2. Direito à informação clara e adequada
Outro ponto central do estatuto é a garantia de acesso à informação clara, completa e compreensível. O paciente deve ser informado sobre:
Diagnóstico;
Prognóstico;
Riscos envolvidos;
Benefícios do tratamento;
Alternativas terapêuticas disponíveis.
Essa obrigação encontra respaldo no dever de informação previsto no Código de Defesa do Consumidor, aplicável às relações médico-paciente em determinadas circunstâncias, bem como nas normas éticas estabelecidas pelo Conselho Federal de Medicina.
A omissão ou insuficiência de informações pode caracterizar falha na prestação do serviço e gerar responsabilidade civil do profissional ou da instituição de saúde.
3. Consentimento livre e esclarecido
A partir dessas garantias, ganha ainda mais relevância o chamado “consentimento informado”. Trata-se da manifestação de vontade do paciente, após receber todas as informações necessárias.
Sem esse consentimento, intervenções médicas podem ser consideradas ilícitas, salvo em situações excepcionais, como risco iminente de morte ou incapacidade do paciente de expressar sua vontade.
Importante destacar que o consentimento deve ser:
Livre de coerção;
Esclarecido (com base em informações adequadas);
Específico para cada procedimento.
4. Responsabilidade civil e implicações jurídicas
O fortalecimento desses direitos impacta diretamente a responsabilidade civil médica. A ausência de informação adequada ou a desconsideração da vontade do paciente pode resultar em:
Indenização por danos morais;
Indenização por danos materiais;
Eventual responsabilização ética e administrativa.
Em casos mais graves, dependendo da conduta, pode haver repercussão na esfera penal, especialmente quando há violação da integridade física ou da liberdade do paciente.

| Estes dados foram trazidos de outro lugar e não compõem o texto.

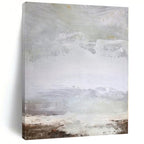 Gray, White and Brown with Soft Textures "Quiet Horizon" Abstract Landscape Painting On Canvas PS1149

5. Impactos práticos para profissionais e instituições
Para médicos, clínicas e hospitais, o estatuto impõe a necessidade de revisão de protocolos internos, com destaque para:
Padronização de termos de consentimento;
Treinamento das equipes para comunicação clara;
Registro documental adequado das informações prestadas;
Respeito às decisões do paciente, inclusive recusas de tratamento.
A adoção dessas medidas não apenas reduz riscos jurídicos, mas também fortalece a relação de confiança entre paciente e profissional de saúde.
6. Considerações finais
O Estatuto dos Direitos dos Pacientes consolida uma mudança de paradigma: o paciente deixa de ser sujeito passivo e assume papel ativo nas decisões sobre sua saúde.
Mais do que uma inovação legislativa, trata-se de um avanço civilizatório, alinhado às melhores práticas internacionais e aos princípios constitucionais brasileiros.
A efetividade dessa norma, contudo, dependerá da sua correta aplicação no dia a dia das relações médico-paciente, exigindo conscientização, capacitação e responsabilidade de todos os envolvidos.